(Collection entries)

= = = =

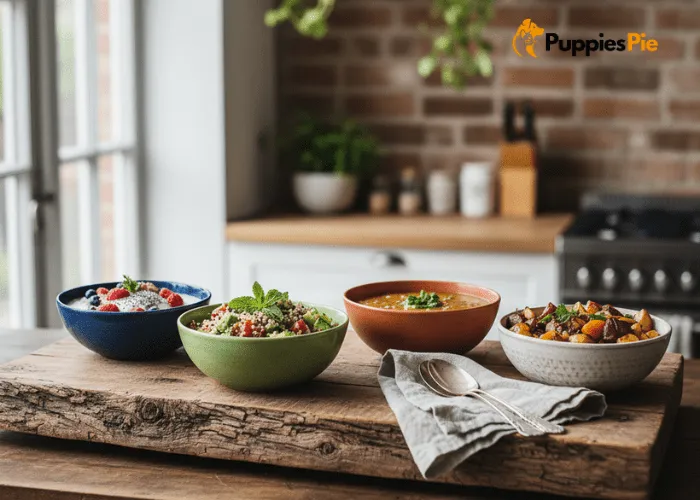 Top wooden piece designed to hold and support the pet food bowls securely in place.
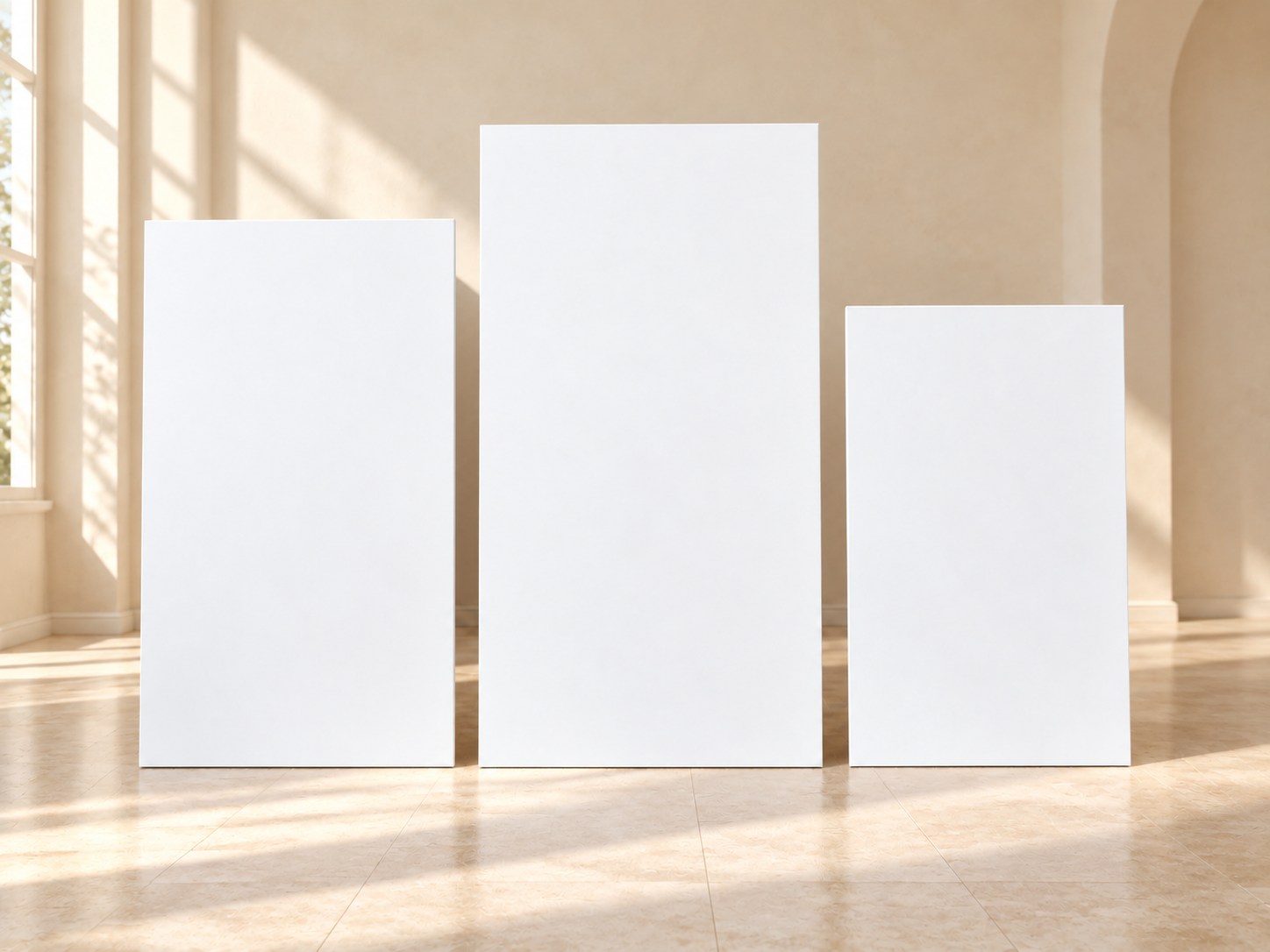 Three blank white rectangular Coroplast backdrop panels in a softly lit room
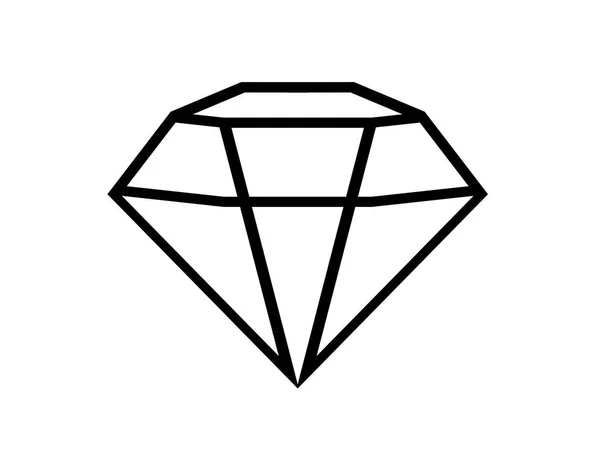 Gyémántok Lapos Stílusban Absztrakt Fekete Gyémánt Ikonok Lineáris Körvonaljelzés Ikon — Stock Fotó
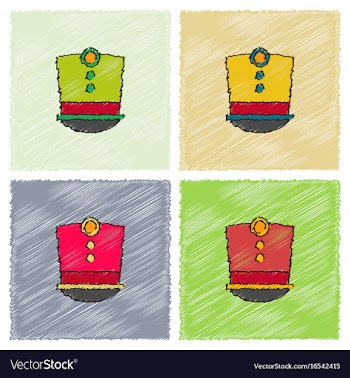 Magic hat in hatching styleset of magic hat in vector image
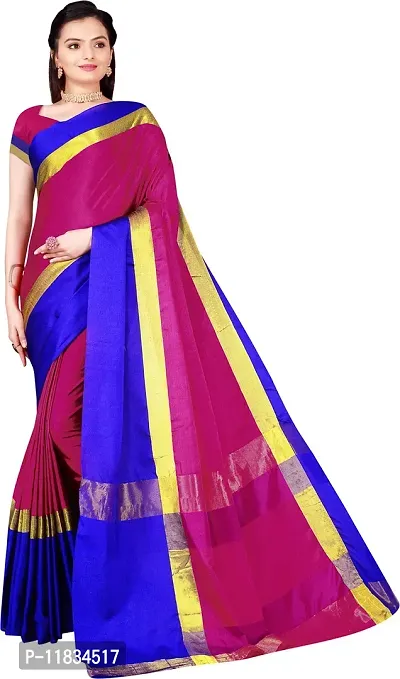 Beautiful Cotton Silk Saree with Blouse Piece-thumb0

= = = =

▸ Directions for this task
The records are to be retyped in full and exactly, with no image carried over.

▸ Written answer
 Top wooden piece designed to hold and support the pet food bowls securely in place.
 Three blank white rectangular Coroplast backdrop panels in a softly lit room
 Gyémántok Lapos Stílusban Absztrakt Fekete Gyémánt Ikonok Lineáris Körvonaljelzés Ikon — Stock Fotó
 Magic hat in hatching styleset of magic hat in vector image
 Beautiful Cotton Silk Saree with Blouse Piece-thumb0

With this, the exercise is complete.